[ASSIGNED TASK]: Each line in the records below, from the one that contains "Item preview, Chehalis" to the one that contains "Compressore d'aria TM.C.", should be reproduced exactly, the first and last included.

[EXTRACTED INFORMATION]:
»»
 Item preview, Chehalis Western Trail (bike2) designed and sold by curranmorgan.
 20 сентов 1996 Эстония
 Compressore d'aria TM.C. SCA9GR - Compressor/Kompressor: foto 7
««
»»
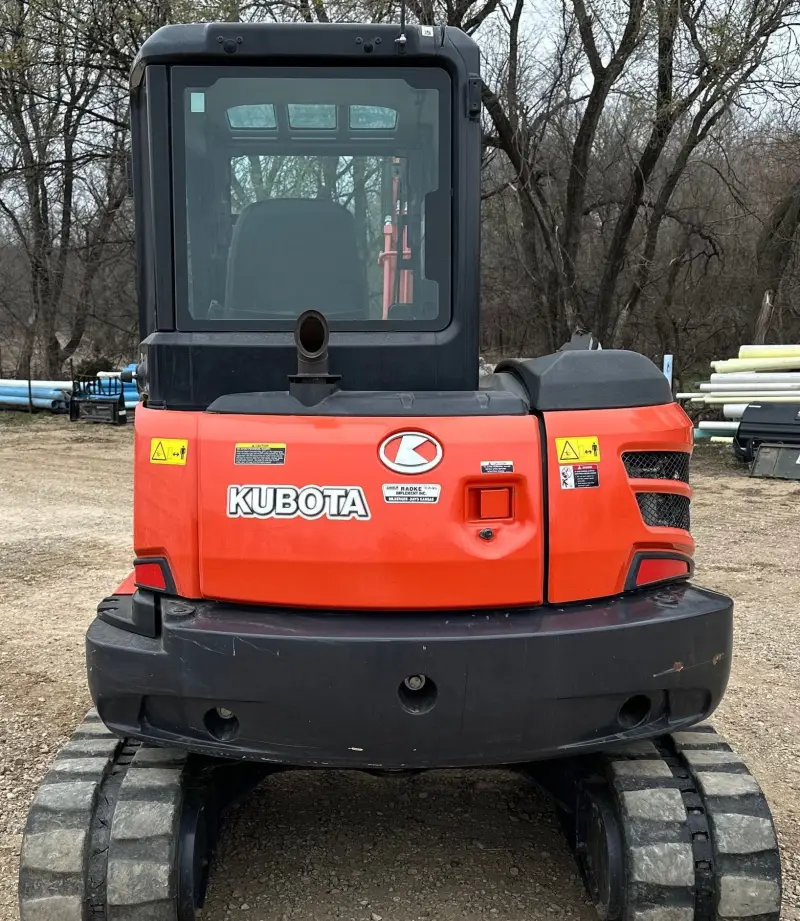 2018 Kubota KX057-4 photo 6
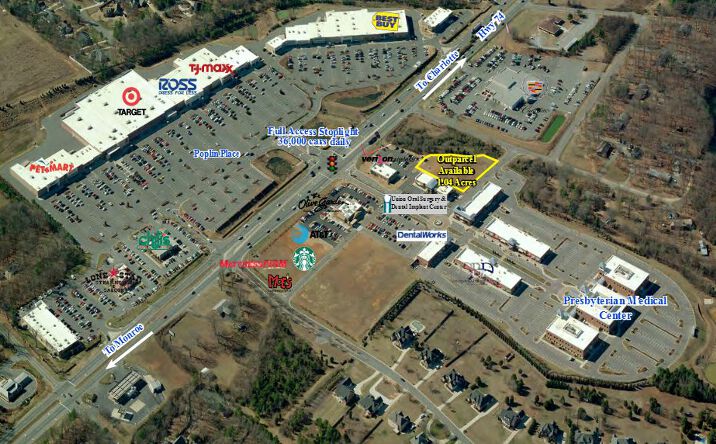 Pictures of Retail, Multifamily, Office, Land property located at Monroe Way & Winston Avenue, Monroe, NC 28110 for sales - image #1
««
»»
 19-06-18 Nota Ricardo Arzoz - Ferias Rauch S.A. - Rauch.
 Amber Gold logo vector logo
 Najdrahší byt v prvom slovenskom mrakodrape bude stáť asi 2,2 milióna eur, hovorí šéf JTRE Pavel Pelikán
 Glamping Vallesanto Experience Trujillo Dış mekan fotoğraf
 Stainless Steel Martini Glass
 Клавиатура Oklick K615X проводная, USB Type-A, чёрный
««
[RESULT FOR THIS TASK]:
 Item preview, Chehalis Western Trail (bike2) designed and sold by curranmorgan.
 20 сентов 1996 Эстония
 Compressore d'aria TM.C. SCA9GR - Compressor/Kompressor: foto 7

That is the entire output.